In the fourth district, five-time LDP incumbent Yamamoto Koichi, who has won by exceedingly large margins in every election since 1996, should cruise to reelection against DPJ candidate Takahashi Hideyuki, who shares the field with independent Sakurauchi Fumiki, a more serious independent candidate than most in that he has an elite pedigree: Todai law faculty, finance ministry, Master's in Public Policy from the Harvard Kennedy School, Ph.D. from the University of Malaya, and a long list of think tank and advisory positions. He won't win, but he will make it that much harder for Takahashi to win. Sakurai has the backing of Watanabe Yoshimi's Your Party.

The DPJ will likely win one of four seats in the prefecture.

Kochi

Kochi has three seats, all of which were won by the LDP in 2005.

The DPJ stands a strong chance of winning the first district, where LDP incumbent Fukui Teru won by only 4,000 votes over the DPJ's Goto Masanori. This district is one district where the presence of a JCP candidate decided the election: the JCP's Haruna Naoaki received 22,000 votes, more than enough to throw the election to Fukui. Running in Goto's place this year is Tamura Kumiko, who was previously the DPJ's candidate in Kochi's second district. Tamura, however, shares the field with Haruna and the wild card, Hashimoto Daijiro, brother of the late Hashimoto Ryutaro and former governor of Kochi. In a straight LDP-DPJ race Tamura might have won easily, but with Haruna and Hashimoto in the race, Fukui could survive. Of course, it's possible that Hashimoto, who in July 2008 announced grand plans for a new party that have amounted to very little, will be crushed by the power of Duverger's law. Indeed, this district should provide a good test of the trend to a two-party system. If party identification matters above all else in this election, then both Hashimoto's personal popularity and the JCP's support should surmounted by a tide of support for the DPJ. I'm betting on Duverger's law: Tamura wins the seat.

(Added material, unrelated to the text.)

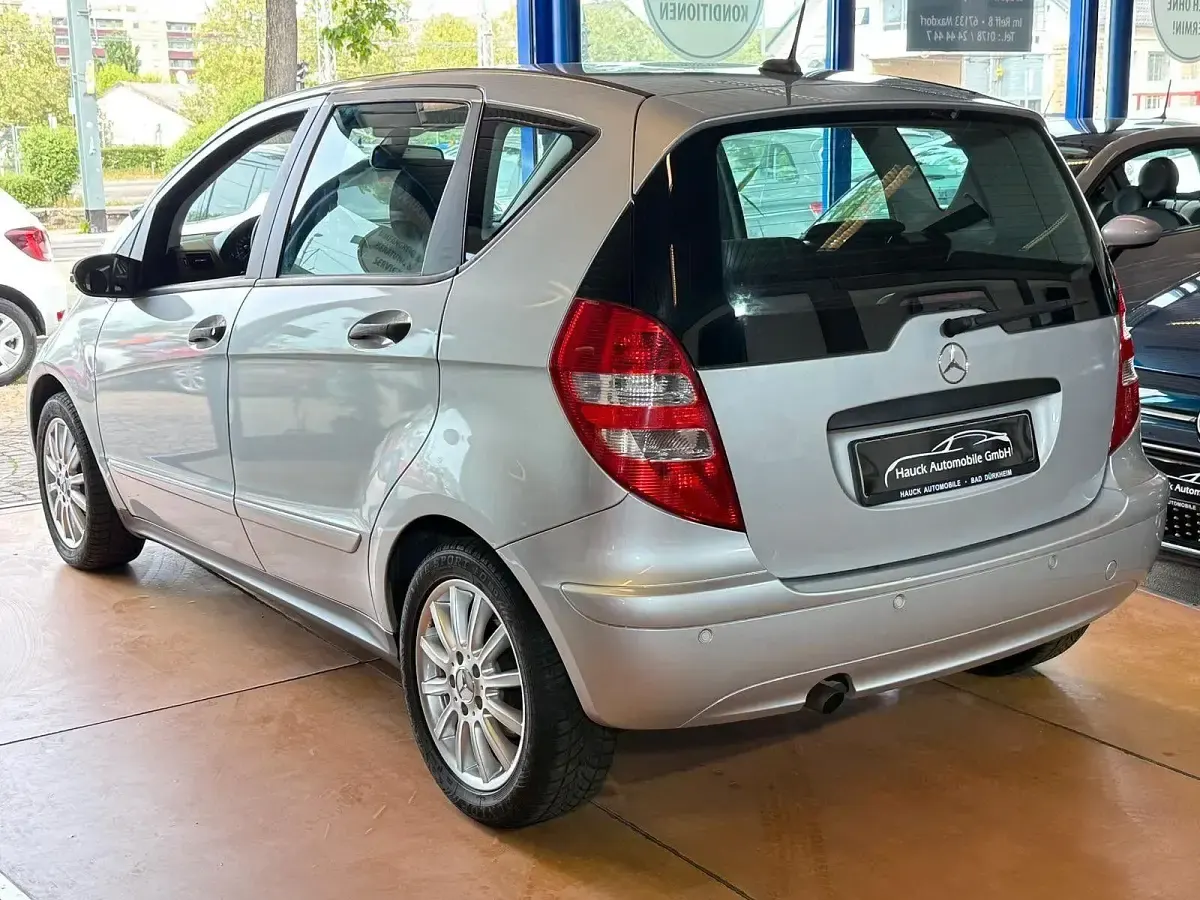 Gebraucht Mercedes A150 95 PS (69 kW) 2008 Silber Limousine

In the second district, LDP incumbent Nakatani Gen, a former chief of the Japan Defense Agency, faces DPJ newcomer Kusumoto Kiyo and JCP candidate Yamanaka Masahiro. Nakatani should win easily.

Finally, six-time LDP incumbent Yamamoto Yuji (third district) should be reelected comfortably over DPJ challenger Nakayama Tomoi, running for the second time, and JCP candidate Murakami Nobuo. (Incidentally, Kochi's third district is the most overrepresented district in Japan, with 212,376 voters, whose votes are worth 2.3 times the votes of the 489,437 voters of Chiba's fourth district.)

The DPJ can pick up one seat in Kochi prefecture.

Proportional representation

Once again using the d'Hondt method simulator, Yomiuri's latest polling data, and turnout data from 2005, it is possible for the DPJ to win four of six seats, leaving the remaining two for the LDP. If the Sankei poll mentioned above is correct, it is possible for the DPJ to win five to the LDP's one, but it seems unlikely that the DPJ will score 56% of the vote.

Assuming the DPJ wins four seats in the PR voting, the DPJ can win nine seats in Shikoku, compared with ten seats for the LDP. Considering the DPJ's lack of success in Shikoku in the past, trailing the LDP by only one seat would be a victory for the DPJ.